Some in Congress want to make all of this more transparent through legislation called the Beneficiary Enrollment Notification and Eligibility Simplification (BENES) Act. The BENES act has not gained much traction in Congress yet but perhaps this will be one thing on which the new House and existing Senate can agree.  Social Security would send out notices to people approaching age 65 explaining Part B enrollment including how the specific enrollment periods work. This should eliminate some of the circumstances where the transition to Part B is mismanaged resulting in lifetime late enrollment penalties.
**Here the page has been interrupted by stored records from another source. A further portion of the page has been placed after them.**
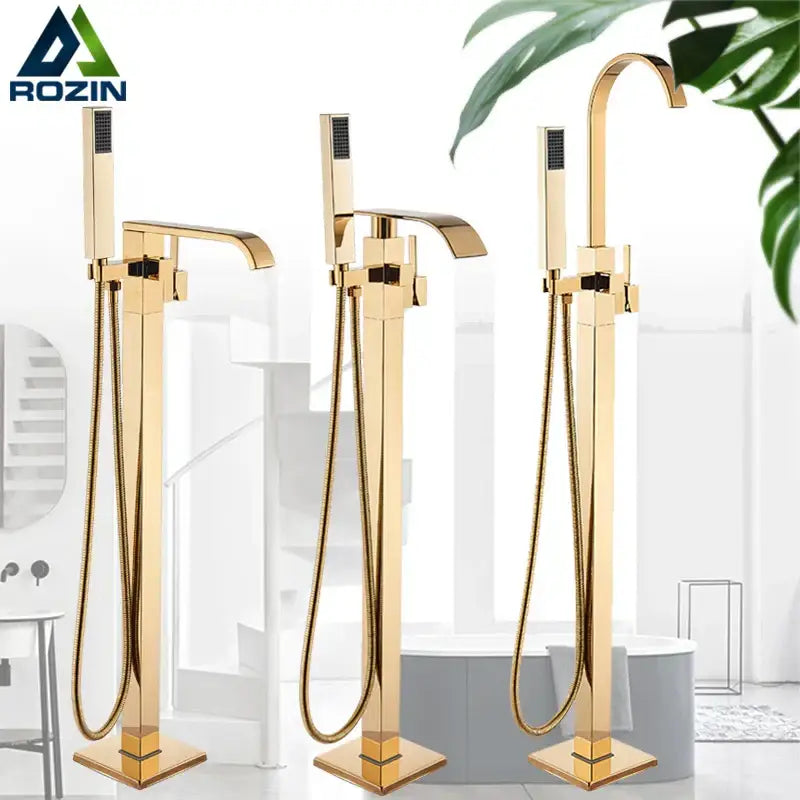 Modern golden bathtub shower faucet waterfall tap with handheld shower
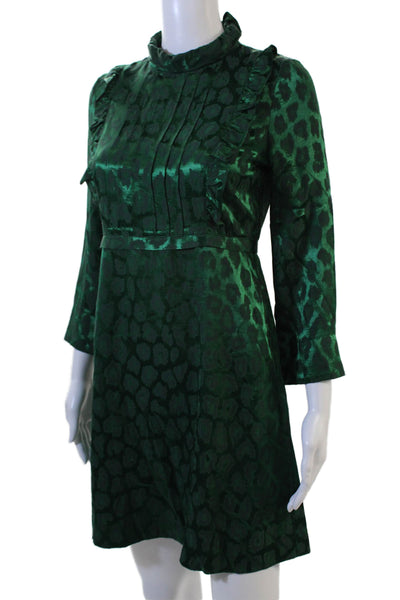 Soeur Women A-Line Mini Animal Print Green Dress 3/4 Sleeve Size 36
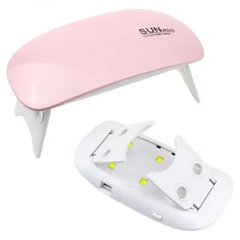 Лампа для сушіння гель лаків 6W LED UF SUN mini. Колір: рожевий ws57498-1 фото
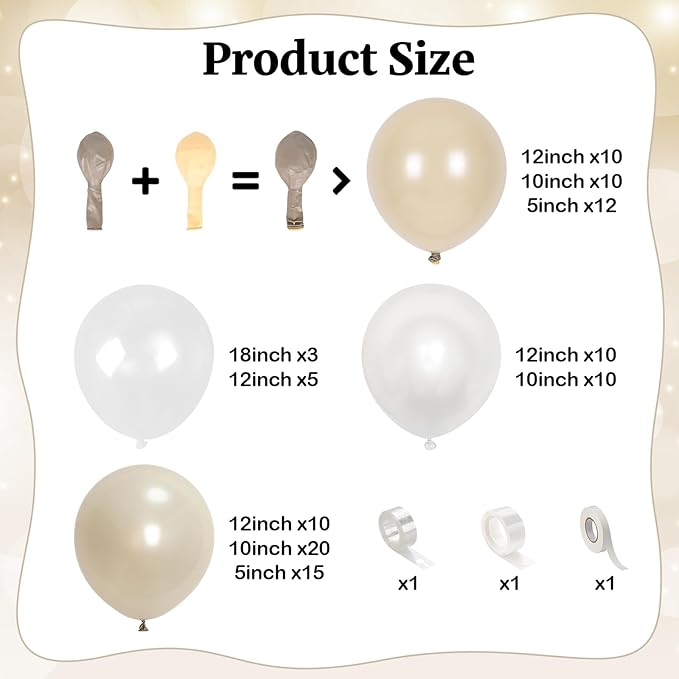 Pearl White Balloon Arch, Double Stuffed Pearl White Sand Balloon Garland, Neutral Ivory Clear Transparent Balloons Different Sizes for Boho Wedding Baby Bridal Shower Engagement Birthday Party Decor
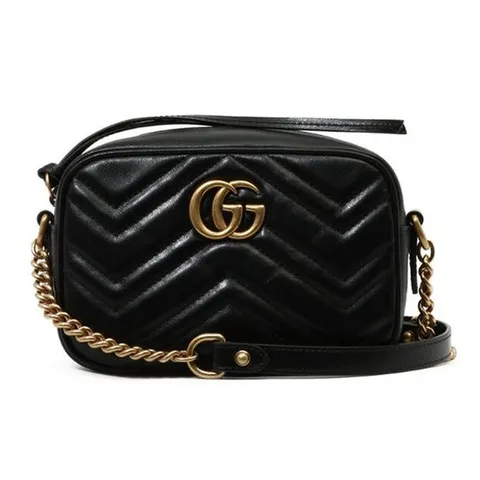 25 FW 구찌 GG Marmont Matelasse 마몽트 마틀라쎄 미니 숄더백 블랙 448065 DTD1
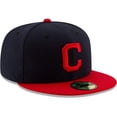 thumbnail image 2 of Gorra New Era 59Fifty Auténtica Cleveland Indians Navy MLB, 2 of 7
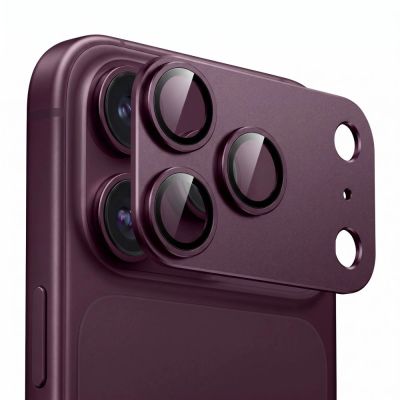 3. Tech-Protect Camfull Fit+ Displayschutzfolie aus gehärtetem Glas für iPhone 18 Pro – Burgunderrot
The rules are complicated and not well understood by most human resource experts in employer benefits departments.  They typically lack the Medicare knowledge to guide their employees and retirees on Medicare enrollment.  Further, the federal government provides virtually no notification to people who are nearing Medicare eligibility about when and how to do so.  As a result, people with employer-sponsored group coverage often bear the full burden of understanding and navigating Medicare’s complex enrollment rules which can lead to costly mistakes.  The following are the rules regarding the enrollment periods for Medicare Part B:

1)   Initial Enrollment Period–The seven-month period beginning with three months before the 65thbirth month, the birth month, and three months after the birth month.

2)   Special Enrollment Period– Available to those who have continued to stay on their own (or their spouse’s) group health plan. Upon termination of their enrollment in the group health plan, they have an eight-month period during which to sign up for Part B in order to avoid the late enrollment penalty.

3)   General Enrollment Period– Here’s the nasty one.  Using the General Enrollment Period means that the individual has missed their Initial Enrollment Period, or the Special Enrollment Period, and wishes to sign up for Medicare Part B. They fall into the General Enrollment Period, which they can only utilize from January 1 to March 31, but with coverage not beginning until July 1of that year.  Depending on when a person chooses to sign up from Jan. 1 to March 31, they may have encountered a “Blackout Period”, which can run up to ten months, or in some cases, even over a year, depending on the sign up time.  And that’s where they create the 10% penalty per year for each year, which lasts forever.

‘Greg Says’….The best advice I can offer with regard to the Part B enrollment question is to seek the free counsel of a licensed health insurance agent. Relying on the advice of your company’s HR department, well-intentioned friends, or trying to figure it out on your own, could result in a costly mistake from which there is no recovery.